To instill these lessons, Frank suggests to educators: “why not have your students create the instruction manual for a media device. Not only do they have to write, they also have to support the instruction with images that they have to embed into their manual.”
The State of Media Literacy Among Adults
Beyond teaching media literacy to students, Frank also focuses on educating the educators because it vital they hone this skillset as well. In fact, roughly 60 percent of American adults will not read past a headline before sharing an article on social media, and only 26 percent of adults were able to correctly discern between factual and fictitious statements in a study conducted by Pew.
On the topic of engaging educators in learning this, Frank explains:
“In my work, I always make a connection to the standards educators are expected to follow. So when ELA makes a reference to non-print or informational texts, I can bring in an ad or film clip and show them how to use media literacy skills to approach it. In Social Studies, studying primary sources includes photographs, so there is an opening to teaching visual literacy. In Health, we can help students understand the marketing techniques used to make smoking or vaping attractive.”
Throughout his professional development workshops his “goal is to pull back the curtain so that educators see in a whole new light. This is not rocket science. It is simple and engaging.” His workshops tend to follow the following format:
Photography and Images: “Each of my workshops starts with visual literacy. We will examine images, some historical and some contemporary. With the photos there are no captions, so there is no context. Readers are forced to look closely at the image and make inferences only with what they see.”
Texts and Close Reading Skills: “Next, I will introduce advertising and instruct educators on how to conduct a close read.

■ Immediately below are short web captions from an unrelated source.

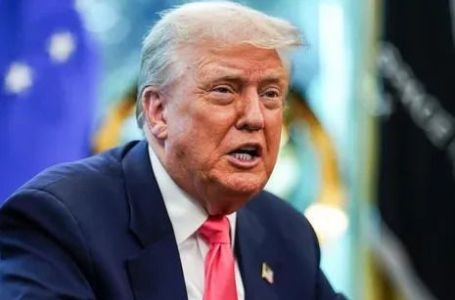 Peskov o Trumpu: "Prisiljava svijet da kupuje skupu američku naftu i plin"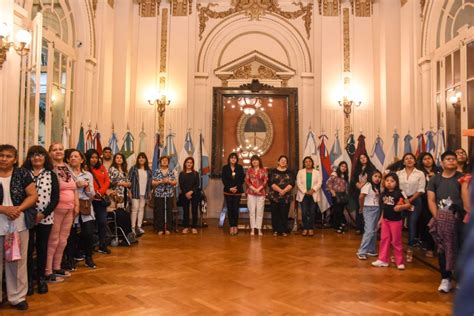 El gobernador Morales reconoció a madres que inspiran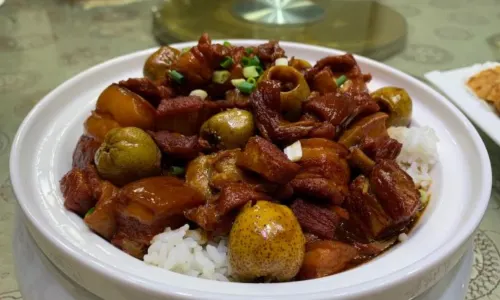 鸿丰饺子城(淄博路店)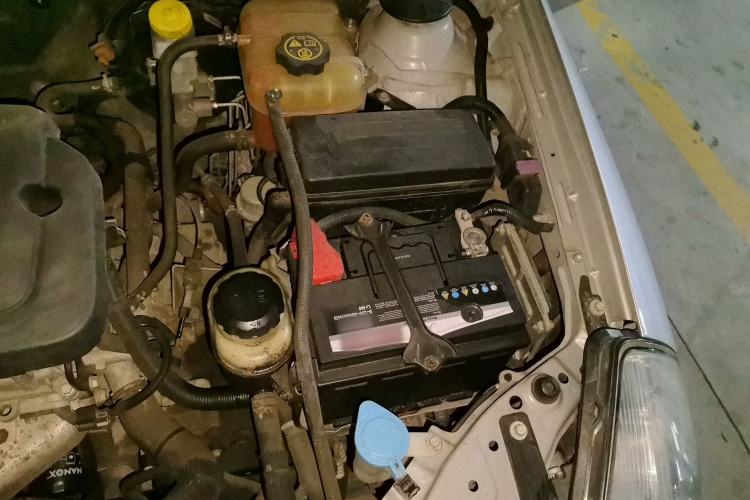Used Buick Excelle 2015 1.5L Automatic Classic Model Engine Bay Left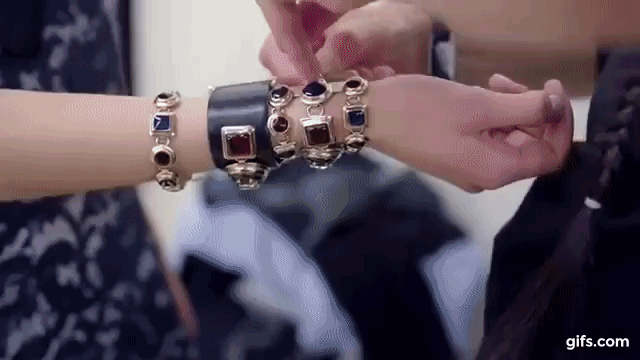 Отрывок видео с показа CHANEL Cruise 2020. Источник официальный youtube-канал Дома  CHANEL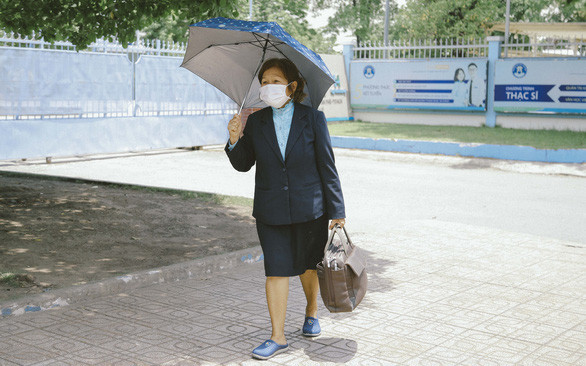 Vượt 200km/ngày, sau 4 năm học, cụ bà 70 tuổi ở Tiền Giang đã bảo vệ thành công luận văn thạc sĩ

I use both print and non-print ads because most of us are exposed to many commercials. Examples here include toy ads, credit cards, cell phone ads, and ads from politicians. Each of these use specific techniques to make the message attractive and believable.”
Film: “Lastly, I will introduce the moving images and instruct teachers on how to read a film, using the languages of film. Once again, I will use contemporary and classic examples that educators can relate to. I usually start with the question: ‘what is your favorite movie?’ and ‘what scene in that movie makes it memorable?’”
This important work, however, does not stop with educators. Parents must also have the opportunities to learn about media literacy so they can model to their kids how to critically interpret what they read, hear, and see.
To this end, Frank suggests “that each PTO/PTA invite a media educator to come and explain how what students learn at school can also be applied at home. So for example, if a teacher were to take students through a deconstruction of a toy commercial at school, he or she could send home my commercial analysis worksheet and invite parents to choose a commercial (on TV or online) and do the activity together.”
“Seeing the Media in a Whole New Light”
To end, I want to share an anecdote from Frank:
“One morning, after presenting a media literacy workshop to some high school students, the bell rang, and they were gathering their books to depart. I overhead one young lady say to another ‘I’ll never look at a commercial the same way again.’ I thought YES: that’s the goal—to help students see media in a whole new light.”
With media literacy, students become independent thinkers, informed citizens, and introspective researchers, writers, designers, and problem solvers.